- President Donald Trump says new tariffs on steel and aluminium are needed because of “large trade deficits with Mexico and Canada.”
- The US does not have a trade deficit with Canada.
- The US does have a trade deficit in goods, but it makes up for that deficit with a surplus in services.
In an early-morning tweetstorm Monday, President Donald Trump defended his decision to impose new tariffs on steel and aluminium by pointing to trade problems involving two of the US’s closest allies.

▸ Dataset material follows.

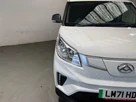 2021-maxus-e-deliver-3-e-l1h1-35kwh-small-5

“We have large trade deficits with Mexico and Canada,” Trump said. “NAFTA, which is under renegotiation right now, has been a bad deal for U.S.A. Massive relocation of companies & jobs. Tariffs on Steel and Aluminium will only come off if new & fair NAFTA agreement is signed.”
And according to an official White House readout of Trump’s call with Canadian Prime Minister Justin Trudeau on Monday, Trump told his Canadian counterpart that the North American Free Trade Agreement “leaves the United States with a trade deficit.”

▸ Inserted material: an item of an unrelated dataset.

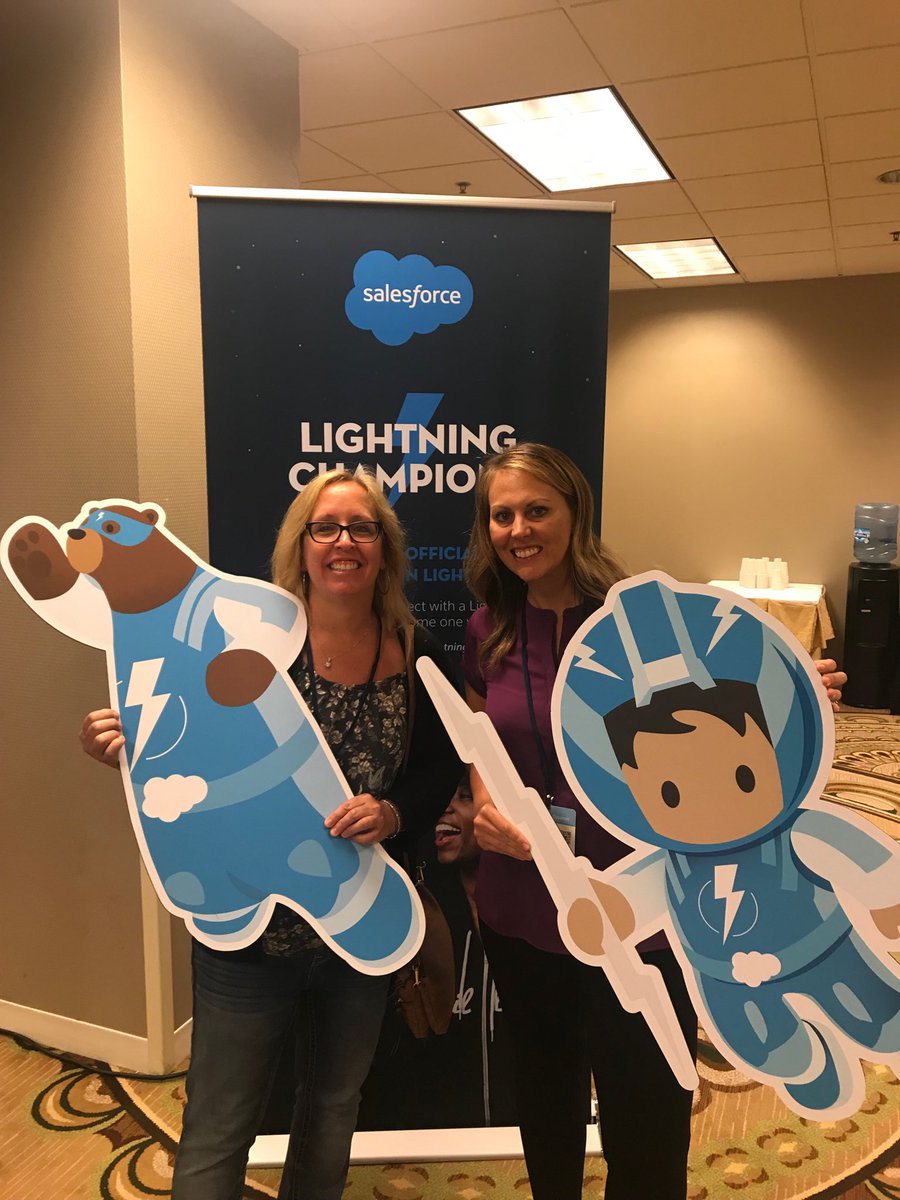 accessnowusa's tweet photo. #MWD18 @accessnowusa  a#- lightning champions!! https://t.co/WQhy5LhRaz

But the US does not have a trade deficit with Canada.
According to the US Trade Representative, the US actually maintained a $US12.5 billion trade surplus with Canada in 2016, the most recent data available.
The US did run a goods deficit of $US12.1 billion, but it made up for it with a $US24.6 billion surplus in services trade, such as intellectual property and travel.

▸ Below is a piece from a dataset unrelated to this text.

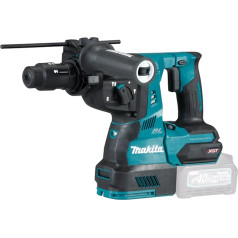 Makita HR004GZ Akumulatora kombinētais āmurs SDS-PLUS 40 V Max. (bez akumulatora, bez lādētāja)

Even looking strictly at goods, the deficit is not large compared with years past. Commerce Department data shows that the 2016 deficit was the smallest since 1993 and well down from a peak of $US78.5 billion in 2005.
But the goods deficits are more than made up by the service surplus. In fact, Canada’s ambassador to the US even corrected Trump when the president made the same claim in December – citing US data.
“To all our American friends: ‘U.S. goods and services trade surplus with Canada was $US12.5 billion in 2016.’ Source: Office of the United States Trade Representative,” Ambassador David MacNaughton tweeted.